- _EXERCISE REQUIREMENTS_:
For this listing, reproduce the line with "大希地裹粉鸡排油炸速冻半成品鸡扒500g 任选6件 5片 99元", the line with "Ensemble assiettes sushi", and the lines between, exactly as they stand. Leave out pictures and all other lines.

(RECORDS PROVIDED begins)

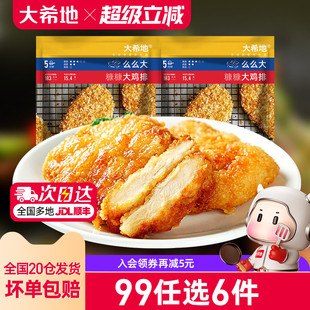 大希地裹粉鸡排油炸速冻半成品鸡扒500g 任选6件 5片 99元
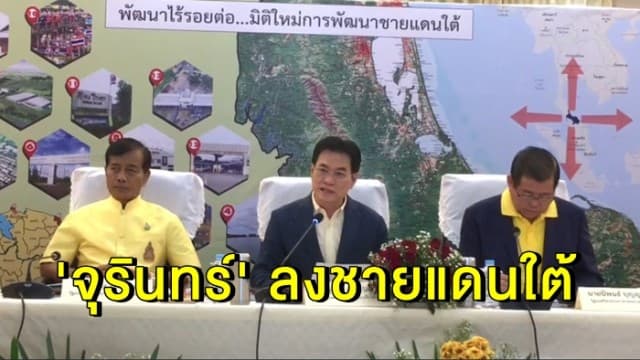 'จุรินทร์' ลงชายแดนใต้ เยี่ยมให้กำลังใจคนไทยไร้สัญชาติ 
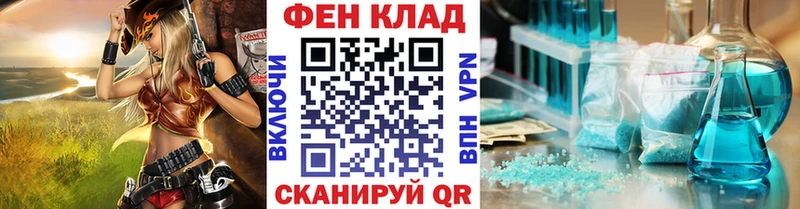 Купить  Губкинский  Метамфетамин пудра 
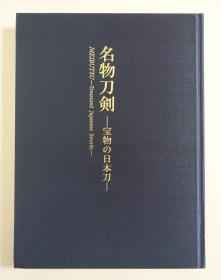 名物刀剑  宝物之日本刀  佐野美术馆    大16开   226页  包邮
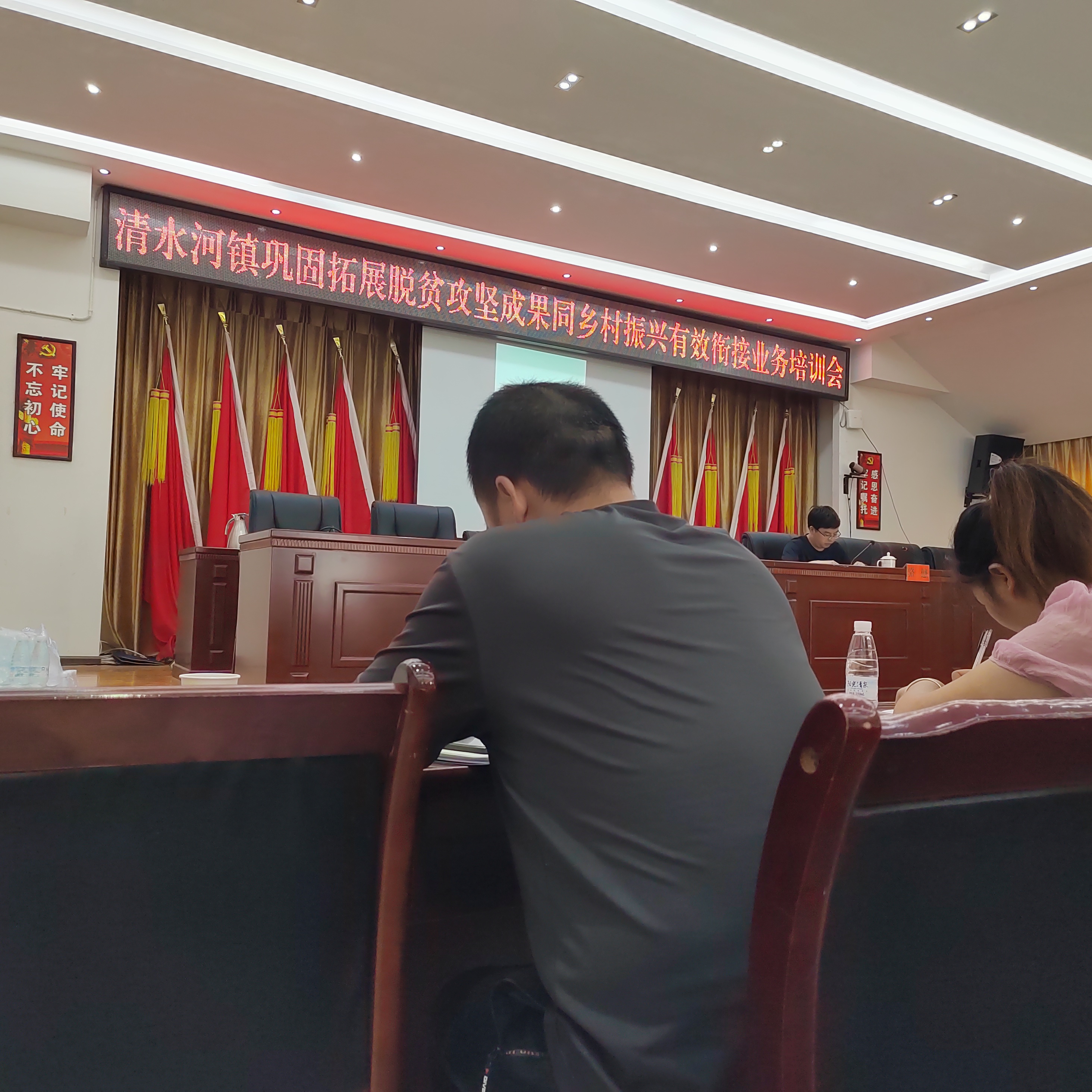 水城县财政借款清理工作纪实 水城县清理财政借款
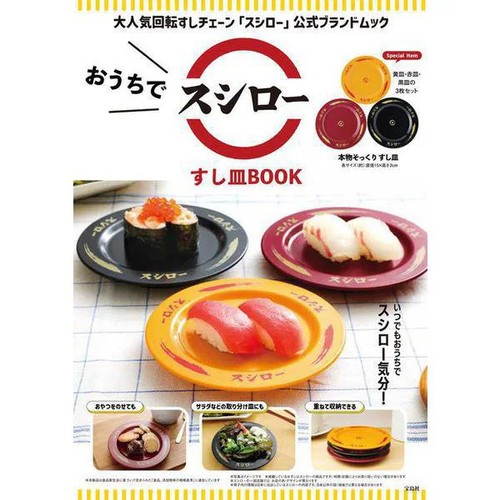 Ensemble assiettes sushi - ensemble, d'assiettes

(RECORDS PROVIDED ends)
(RECORDS PROVIDED begins)

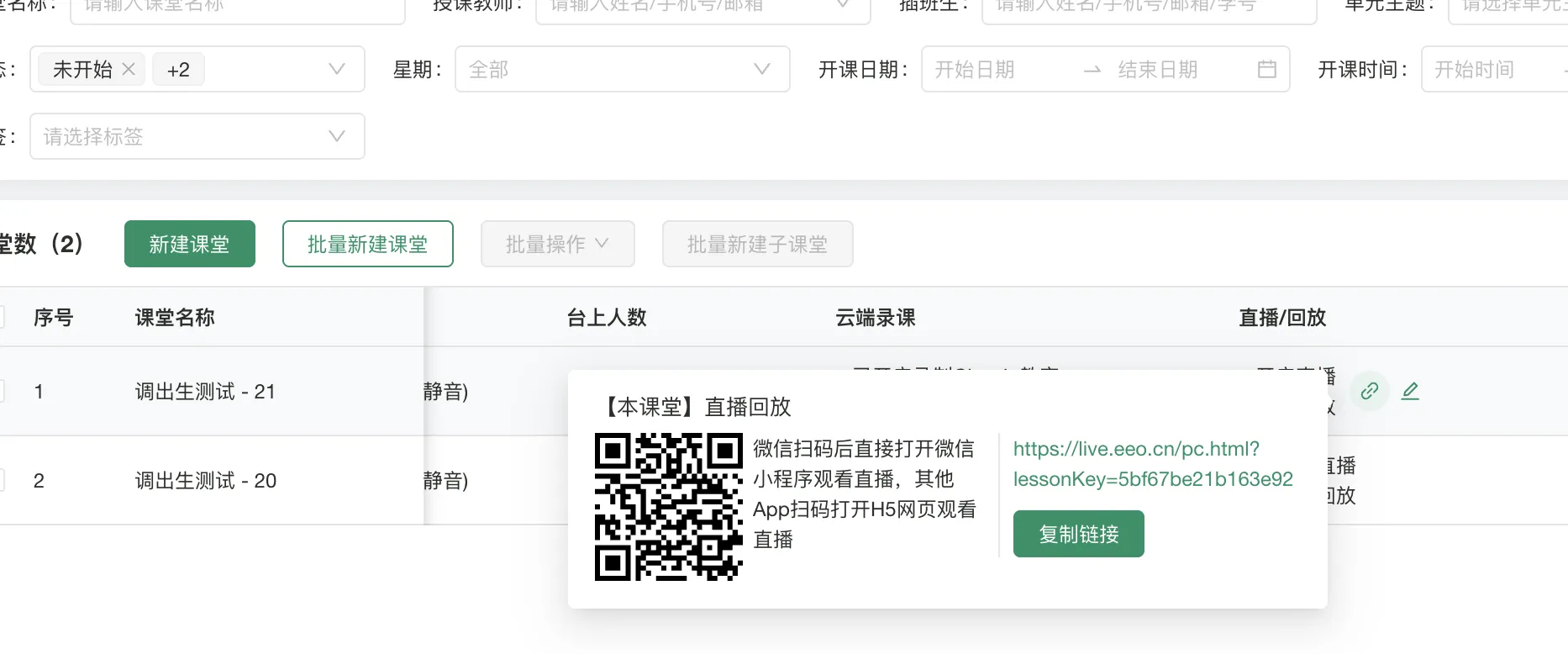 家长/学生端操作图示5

(RECORDS PROVIDED ends)

- _RESPONSE TO THIS TASK_:
 大希地裹粉鸡排油炸速冻半成品鸡扒500g 任选6件 5片 99元
 'จุรินทร์' ลงชายแดนใต้ เยี่ยมให้กำลังใจคนไทยไร้สัญชาติ 
 Купить  Губкинский  Метамфетамин пудра 
 名物刀剑  宝物之日本刀  佐野美术馆    大16开   226页  包邮
 水城县财政借款清理工作纪实 水城县清理财政借款
 Ensemble assiettes sushi - ensemble, d'assiettes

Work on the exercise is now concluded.